> _DIRECTIONS_
From the line with "Mini sac cabas" down to the final line of the material, please transcribe everything exactly, but leave the pictures out.

> _THE DATA_
____

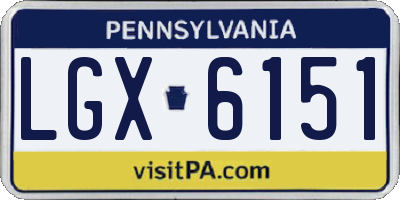 PA license plate LGX6151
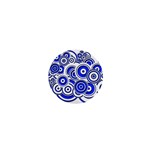 Trippy Blue Swirls 1  Mini Button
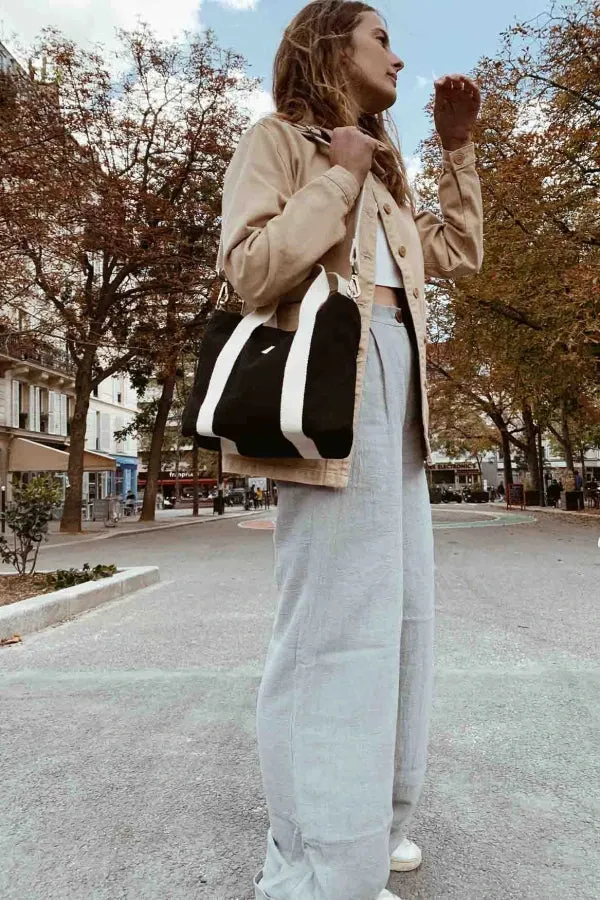 Mini sac cabas à bandoulière en coton bio noir - Louise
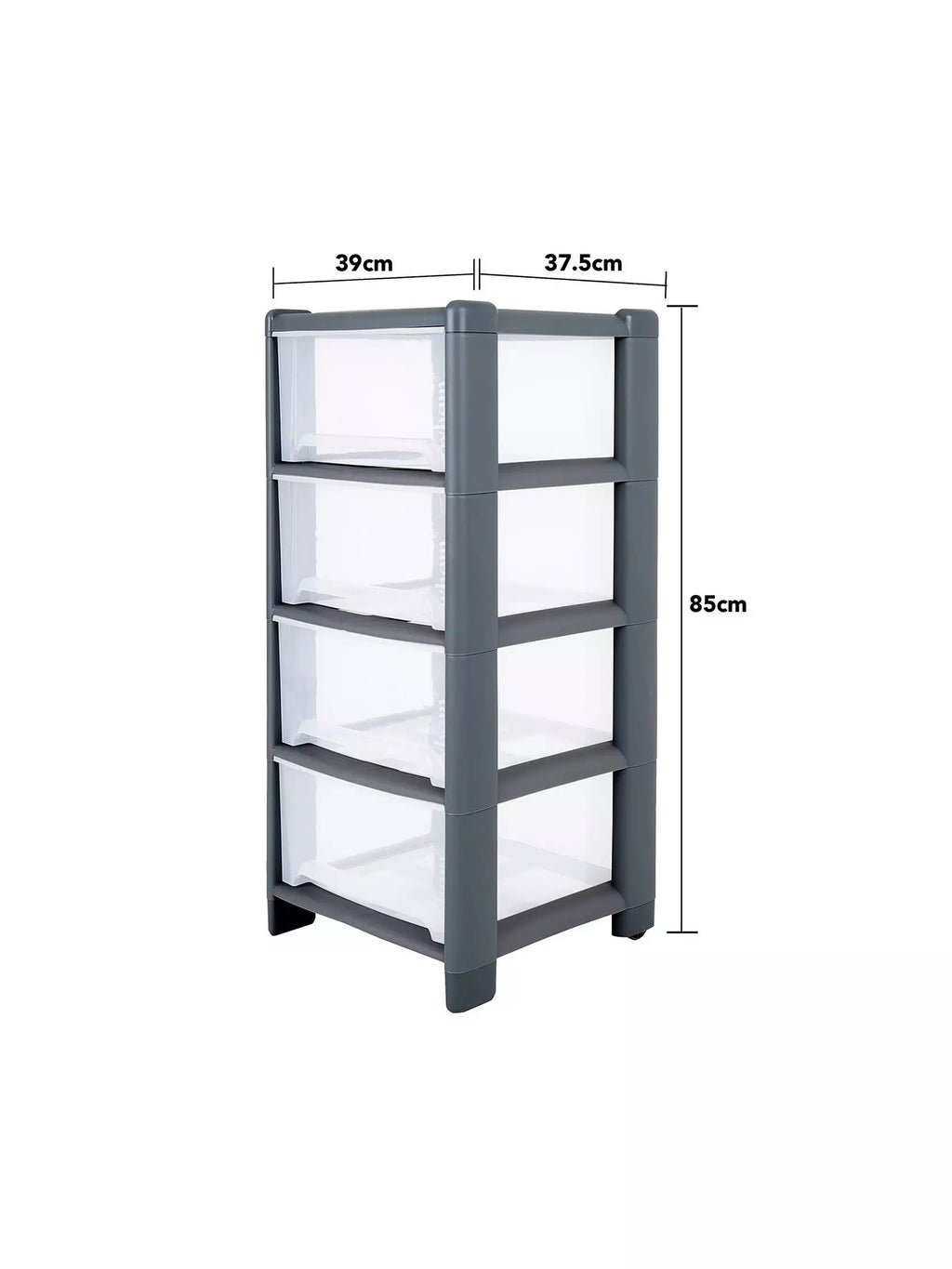 Wham Deep Drawer 4 Drawer Storage Unit – Black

____

> _ANSWER SPACE_
 Mini sac cabas à bandoulière en coton bio noir - Louise
 Wham Deep Drawer 4 Drawer Storage Unit – Black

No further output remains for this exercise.